• Task directions: Below are the records; copy exactly the stretch from the line containing "First vehicle image" through the line containing "Turistas visitan una", both ends included, and nothing else.

(Beginning of Data in this exercise)

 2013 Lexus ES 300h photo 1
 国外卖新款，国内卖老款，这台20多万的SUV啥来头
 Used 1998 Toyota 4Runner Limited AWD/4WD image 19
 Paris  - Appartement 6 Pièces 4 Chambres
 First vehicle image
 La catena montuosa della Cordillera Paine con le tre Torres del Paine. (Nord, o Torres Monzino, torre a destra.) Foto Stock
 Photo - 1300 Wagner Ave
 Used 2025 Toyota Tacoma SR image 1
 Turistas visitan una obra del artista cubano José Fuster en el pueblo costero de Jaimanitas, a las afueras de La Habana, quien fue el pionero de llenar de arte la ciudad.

(End of Data in this exercise)
(Beginning of Data in this exercise)

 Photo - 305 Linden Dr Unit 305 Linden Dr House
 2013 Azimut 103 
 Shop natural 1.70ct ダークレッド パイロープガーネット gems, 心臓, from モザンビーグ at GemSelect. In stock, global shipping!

(End of Data in this exercise)
(Beginning of Data in this exercise)

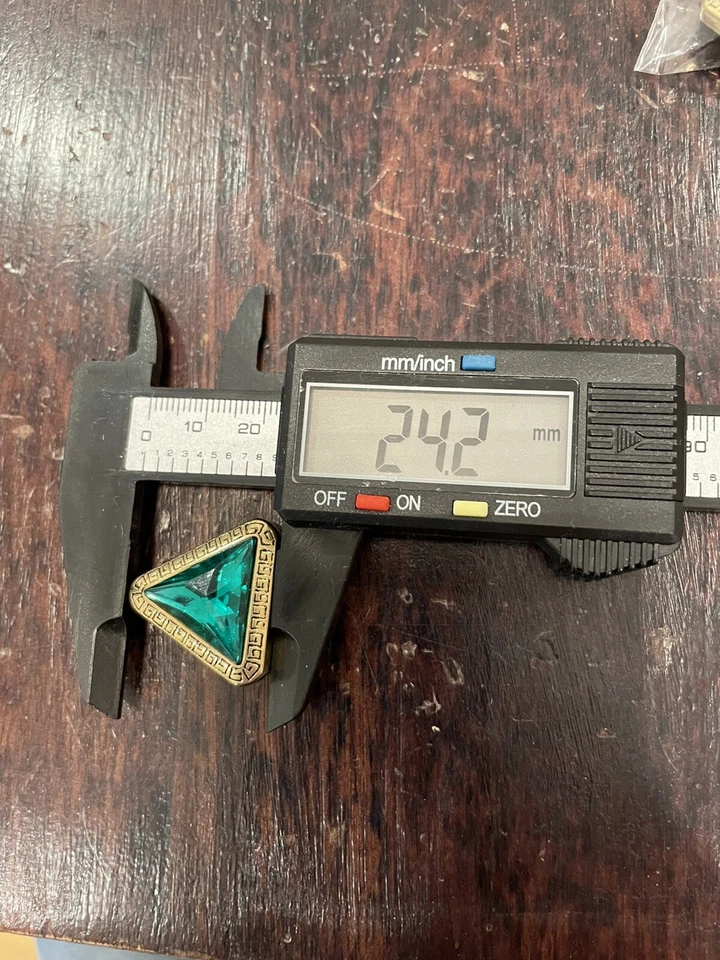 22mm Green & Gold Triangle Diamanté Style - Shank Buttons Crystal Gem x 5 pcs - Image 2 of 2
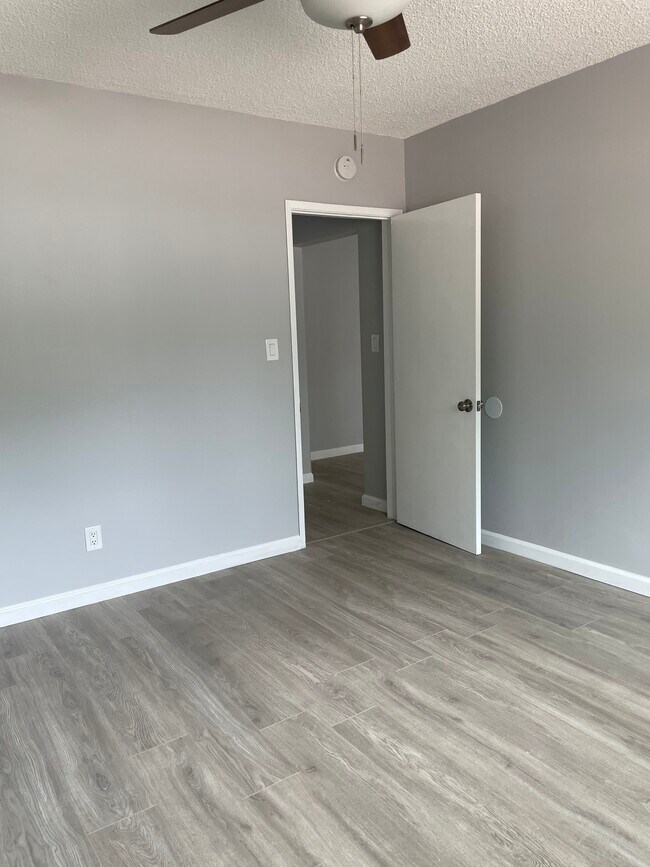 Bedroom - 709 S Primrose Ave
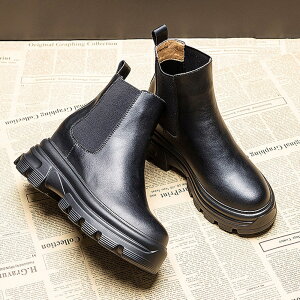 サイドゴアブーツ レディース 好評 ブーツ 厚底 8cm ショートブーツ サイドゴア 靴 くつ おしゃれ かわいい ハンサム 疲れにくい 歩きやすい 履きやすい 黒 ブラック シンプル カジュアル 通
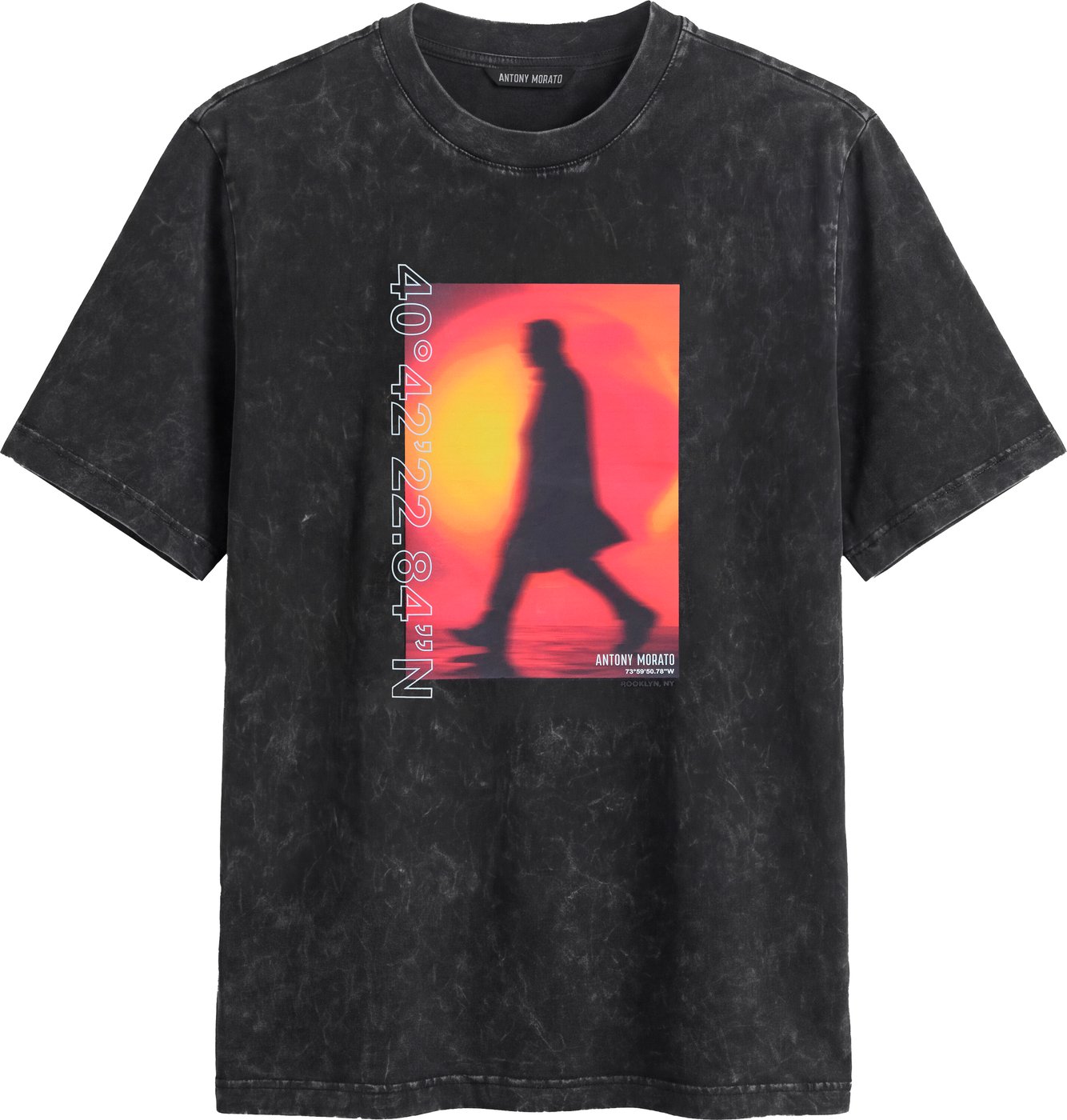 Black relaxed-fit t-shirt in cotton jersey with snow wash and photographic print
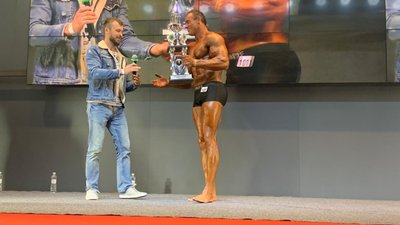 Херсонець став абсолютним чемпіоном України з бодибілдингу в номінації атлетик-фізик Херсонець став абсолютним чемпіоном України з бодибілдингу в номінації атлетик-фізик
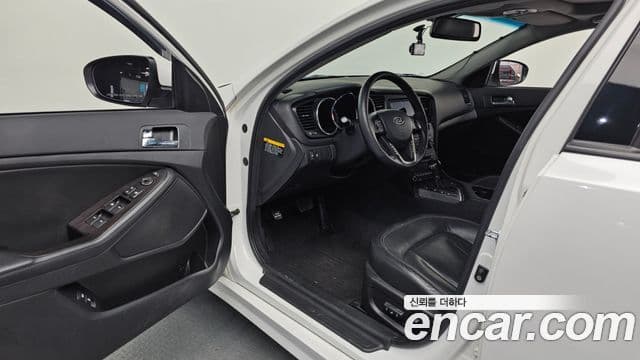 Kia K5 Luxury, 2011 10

(End of Data in this exercise)

• Answer for the task:
 First vehicle image
 La catena montuosa della Cordillera Paine con le tre Torres del Paine. (Nord, o Torres Monzino, torre a destra.) Foto Stock
 Photo - 1300 Wagner Ave
 Used 2025 Toyota Tacoma SR image 1
 Turistas visitan una obra del artista cubano José Fuster en el pueblo costero de Jaimanitas, a las afueras de La Habana, quien fue el pionero de llenar de arte la ciudad.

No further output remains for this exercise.